Playing cards adorned with the Australian government’s Zero Chance campaign against “illegal migration” were distributed to refugee children in Indonesia by people trespassing on school grounds, the charity running the school alleges.
The playing cards were allegedly given to children during break time at the Cisarua refugee learning centre in West Java.
The town of Cisarua has hosted several thousand refugees for years, most of whom are Afghan Hazaras who fled the Taliban and have been stranded in Indonesia since Australia implemented Operation Sovereign Borders and stopped accepting refugees resettled by the UN from Indonesia.
Muzafar Ali, an Afghan refugee and co-founder of Cisarua Learning, said a group of people – who appeared to be local Indonesians – had arrived in a car and handed the cards to children through the door at the front entrance of the school.
“They asked children to open the door and when they opened [it] they were taking pictures of our students and trying to encourage them to take more cards,” he said.
“One of the managers went to stop them, so they backed off and they left the scene.”
On the back of the playing cards was an illustration of a boat at sea, along with the Zero Chance logo and a QR code linked to the associated Australian government website. The site said “Australia’s borders are closed to illegal migration” and that the government is committed to “protecting Australia’s borders, combating people smuggling in our region, and preventing people from risking their lives at sea”.
A manager at the learning centre said staff there were “shocked” and “disappointed” by what they described as a “low” act targeting refugee children. Cisarua Learning, an Australian registered charity that operates six separate refugee-led learning centres in the town, said the cards had also been distributed to refugee children at football grounds and in surrounding streets, and that other children had been photographed.
Australian Border Force said “offshore deterrence messaging” was a “critical component” in its efforts to stop illegal migration.
“This type of engagement helps ensure people smugglers who manipulate vulnerable men, women and children are defeated, and importantly, prevents loss of life at sea,” an ABF spokesperson said.
“The continued delivery of information on bipartisan policies during caretaker period is accepted under caretaker conventions.”
As part of the campaign, service providers conduct the engagement activities and require approvals from local authorities to hand out any material.

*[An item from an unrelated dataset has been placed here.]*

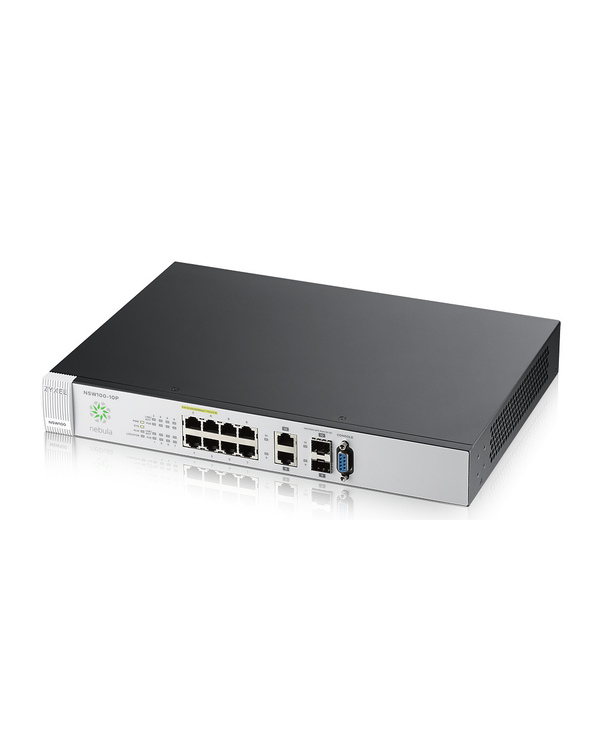 Zyxel Nebula NSW100 Géré L2 Gigabit Ethernet (10/100/1000) Connexion Ethernet, supportant l'alimentation via ce port (PoE) Noir,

The playing cards were distributed a week before the Liberal party sent out text messages en masse on election day saying that the ABF had intercepted “an illegal boat” trying to reach Australia.
The controversial text message, which will be investigated by the new Labor government, told voters to “keep our borders secure by voting Liberal today”.
Ali said the centre did not want to publicise the distribution of the playing cards before the election for fears it would spark a media circus.
“We just didn’t want this to become a political issue or debate because we just want refugees away from any political issue,” they said.
Cisarua Learning is now urging Australian authorities to investigate. “This act is a clear violation of the rights of children, particularly vulnerable refugee children, with limited legal and education access rights,” it said.
“Refugee children are living in a protracted limbo, many for a decade now. Many of the targeted refugee children were born in Indonesia.”
The Zero Chance campaign previously included an annual anti-illegal migration film competition targeted at Sri Lankan film-makers and online games dissuading refugees from travelling to Australia by boat.
When asked how much money the government has spent on the campaign, a border force spokesperson told SBS News this year that “specific costings or details about the campaign are commercial in confidence”.
A contract on AusTender shows the government has spent more than $4.1m on “Illegal Maritime Arrival Education Services” between 2011 and June 2021.
The principal solicitor at the Refugee Advice and Casework Service, Sarah Dale, said the Zero Chance campaign was not only “disheartening” but ineffective.
“There is well-documented evidence demonstrating that … people do not make decisions to come to Australia by boat lightly and only when there is really no other alternative,” Dale said.
“The only way to stop people making these dangerous journeys is by ensuring there are safe and legal pathways for them to access.”